Я положил письма на стол перед собой. Мэриан уставилась на них — пачка конвертов была перевязана красной ленточкой, и на верхнем виднелся аккуратный почерк самой Мэриан. Но она не шагнула к ним. Ее мать тоже не торопилась брать письма в руки — она только сидела и смотрела на них, словно это были бомбы, готовые взорваться при неосторожном обращении.
— Извините, я сейчас. — Мэриан вдруг выбежала из комнаты, пряча лицо. Бобби помчался за ней, предвкушая приключение. Родители смотрели дочери вслед со стоически скорбными лицами.
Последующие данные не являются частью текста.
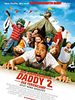 Poster der Der Kindergarten Daddy 2 - Das Feriencamp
— Наша дочь по временам бывает немного резкой, мистер Сэдлер, — объяснила миссис Бэнкрофт, виновато глядя на меня. — Особенно в моем присутствии. Но она очень любила брата. Они всегда были близки. Его смерть на нее очень повлияла.
— Я вовсе не считаю, что она резка, — ответил я. — Конечно, я знаком с ней лишь несколько часов, но все же я полностью понимаю ее боль и скорбь.
— Ей было очень трудно, — продолжала миссис Бэнкрофт. — Да, нам всем было трудно, но каждый борется с трудностями по-своему, правда? Моя дочь очень бурно выражает свои эмоции, в то время как я предпочитаю их не демонстрировать. Не берусь судить, хорошо это или плохо, но меня так воспитали. Понимаете, меня взял к себе дедушка. После смерти родителей. Он был вдовец, единственный оставшийся у меня родственник. Но эмоциональным он не был, в этом его никто бы не обвинил. Надо полагать, он и меня воспитал в том же духе. Мой муж, с другой стороны, умеет открыто выражать свои чувства. Это его качество меня восхищает. Я многие годы пытаюсь научиться этому у него, но безуспешно. Думаю, взрослые люди формируются в детстве, и этого не обойти. Вы согласны?
— Возможно, — сказал я. — Но мы можем с этим воевать, верно? Можем пытаться изменить себя.
— А с чем же воюете вы, мистер Сэдлер? — спросил ее муж, снимая очки и вытирая линзы платком.
Я со вздохом отвернулся:
— Правду сказать, я устал воевать. О, если бы я только мог больше никогда этого не делать.
— Но вам больше и не придется. — Миссис Бэнкрофт непонимающе нахмурилась. — Война ведь кончилась.
— Думаю, скоро начнется другая. Обычно только так и бывает.
Она не ответила, но потянулась вперед и взяла мою руку в свои.
— Наш сын рвался на войну. Может быть, я зря всю жизнь держала портрет его деда на самом видном месте.
— Нет, Джулия, — покачал головой преподобный Бэнкрофт. — Ты же всегда гордилась тем, что твой отец положил жизнь на алтарь отечества.
— Да, да, но Уильяма всегда завораживала его история, в этом все дело. Он задавал вопросы, стремился больше знать про деда. Я, конечно, рассказала ему все, что могла, но я на самом деле знала очень мало. Я и до сих пор знаю очень мало. Но иногда я думаю, что это я виновата — в том, что Уильям так вот завербовался. Он ведь мог и подождать. Пока его призовут.
— Это все равно был бы лишь вопрос времени, — сказал я. — Никакой разницы.
— Но он попал бы в другой полк, — не сдавалась она. — Оказался бы там в другой день. Течение его жизни изменилось бы. И может быть, он остался бы жив. Как вы.
Я отнял руку и отвернулся. В этих двух словах было обвинение — и они ударили меня в самую душу.